--- MATERIAL FOR THIS TASK Enclosed Below ---

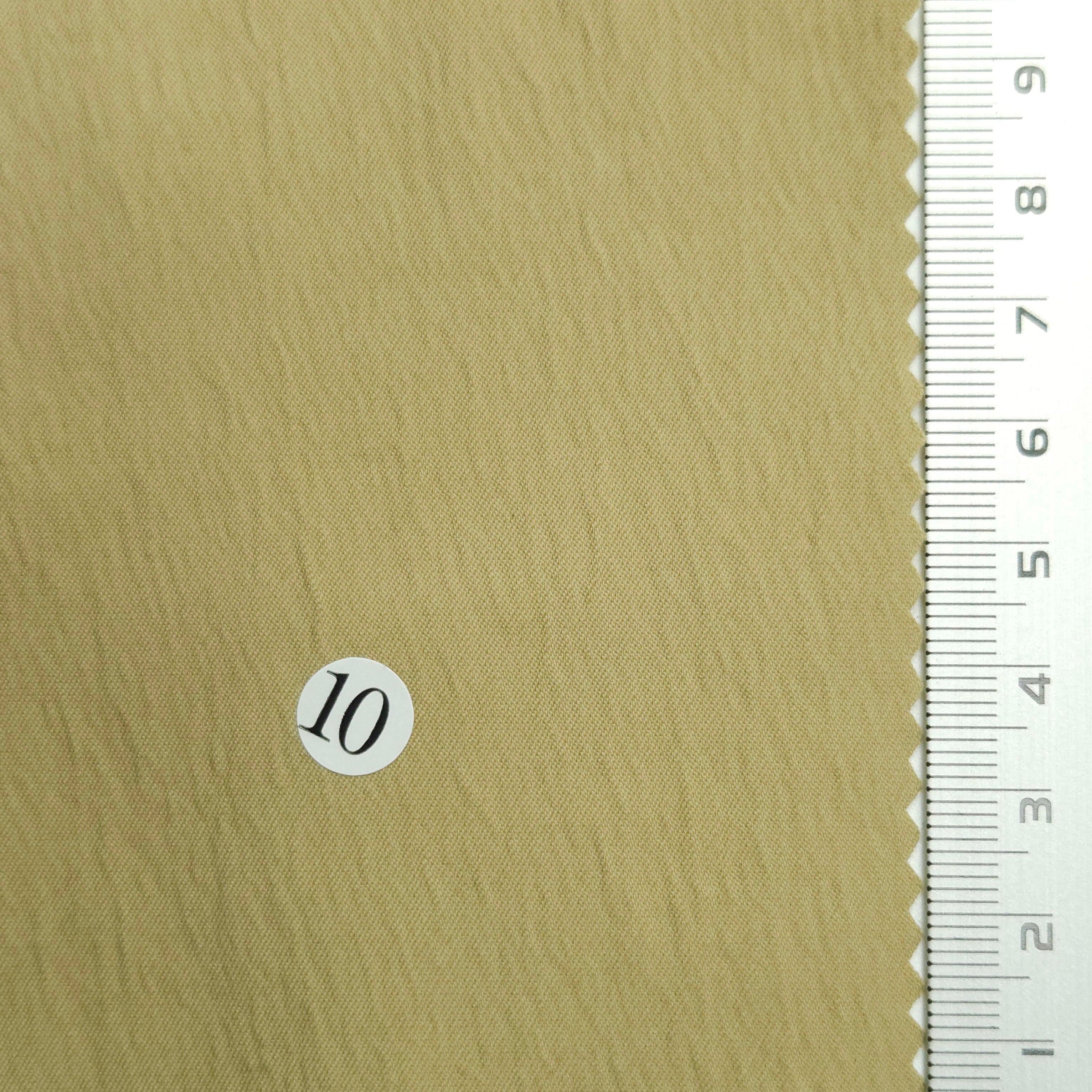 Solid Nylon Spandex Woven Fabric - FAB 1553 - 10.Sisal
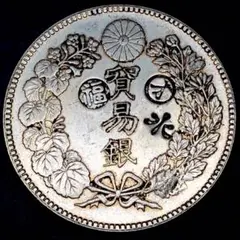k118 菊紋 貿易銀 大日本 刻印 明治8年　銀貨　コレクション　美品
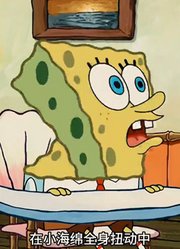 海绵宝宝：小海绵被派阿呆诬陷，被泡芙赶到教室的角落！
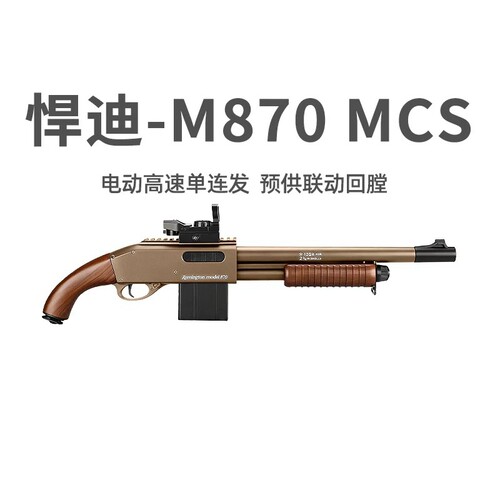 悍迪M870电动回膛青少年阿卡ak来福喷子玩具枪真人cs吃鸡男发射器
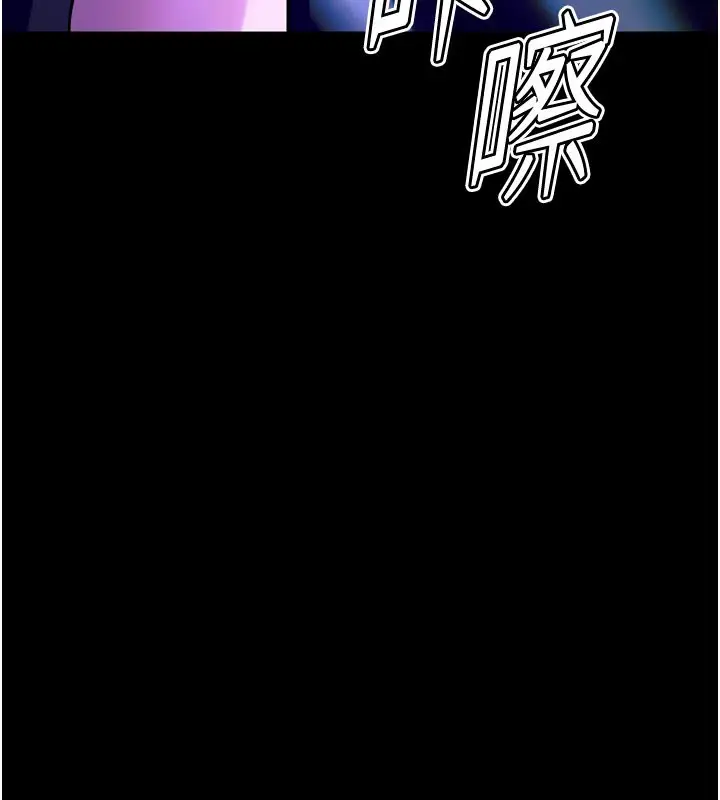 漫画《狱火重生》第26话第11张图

--- End of Enclosed MATERIAL FOR THIS TASK ---

§ ABOUT THIS EXERCISE
Output each entry verbatim; none of the pictures should be included.

§ RESULT
 Solid Nylon Spandex Woven Fabric - FAB 1553 - 10.Sisal
k118 菊紋 貿易銀 大日本 刻印 明治8年　銀貨　コレクション　美品
 海绵宝宝：小海绵被派阿呆诬陷，被泡芙赶到教室的角落！
 悍迪M870电动回膛青少年阿卡ak来福喷子玩具枪真人cs吃鸡男发射器
 漫画《狱火重生》第26话第11张图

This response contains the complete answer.